I want to generate the following sequence:

set S = {1,2,3}
op = {{1,2},{1,3},{2,3}}

set S = {1,2,3,4}
op = {{1,2,3},{1,2,4},{1,3,4},{2,3,4}}

set S = {1,2,3,4,5}
op = {{1,2,3,4},{1,2,3,5},{1,2,4,5},{1,3,4,5},{2,3,4,5}}

in general, given a set of n numbers, I have to find all the possible subsets of (n-1) numbers with the constraint that they are in alphabetical order (numbers in order).

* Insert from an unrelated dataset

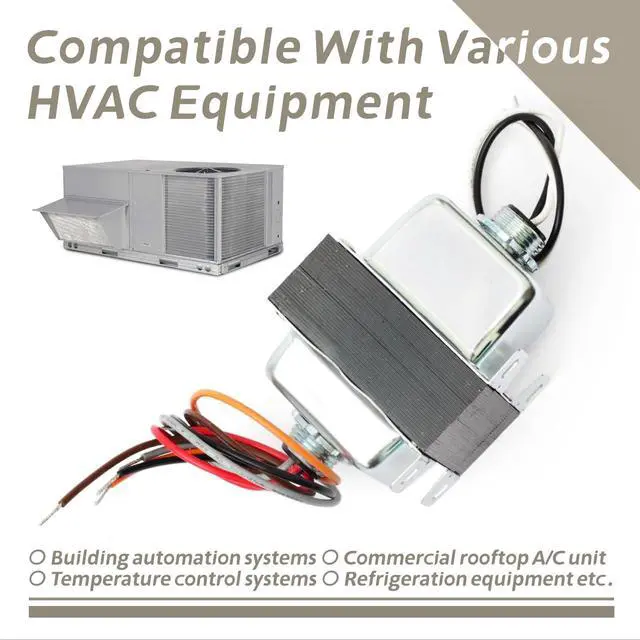 Alt view image 3 of 5 - YIYANTO TR50VA008 Step-Down Transformer with Circuit Breaker Compatible with HVAC Systems 50VA 480/277/240/208VAC to 120VAC, Foot and Dual Threaded Hub Mount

Is there any algorithm or approach to solve the particular problem? I know that we can use recursion to generate smaller subsets.

Answer 1

There are only n such subsets; each one with one of the n original numbers removed from the original set. So sort the set, and for each of the numbers, create a set which is the original set with that number removed.

A possible caveat is that if there are duplicate numbers in the original set, you will only have as many subsets as there are unique numbers in the original set, so possibly fewer than n in that case.

Answer 2

Some languages have this functionality built-in. For example, Python's itertools.combinations() method . In your case:

>>> import itertools
>>> l = [1,2,3,4]
>>> combinations = itertools.combinations(l, len(l) -  1) #for the list of numbers l, for sublists with a length 1 less than l's length
>>> for comb in combinations:
...     print comb
...
(1, 2, 3)
(1, 2, 4)
(1, 3, 4)
(2, 3, 4)
>>>

However, if you want to implement this yourself the link above may still prove useful as it shows equivalent code. You could use this code to make your own implementation in any language.

Answer 3

This should be simple enough. Let arr have the sorted set and n be the number of elements:

int arr[100];
int n;
printf("{");
for (int i = n - 1; i >= 0; i--){
    printf("{");
    for (int j = 0; j < n; j++) {
        if (i == j) {
            continue;
        }
        printf("%d, ", arr[j]);
    }
    printf("}, ");
}
printf("}\n");

The above prints some additional commas and you can filter them out yourself.

Answer 4

Think about

• how to generate the set 1..N
• how to identify the number n to be removed from each set (n: N .. 1)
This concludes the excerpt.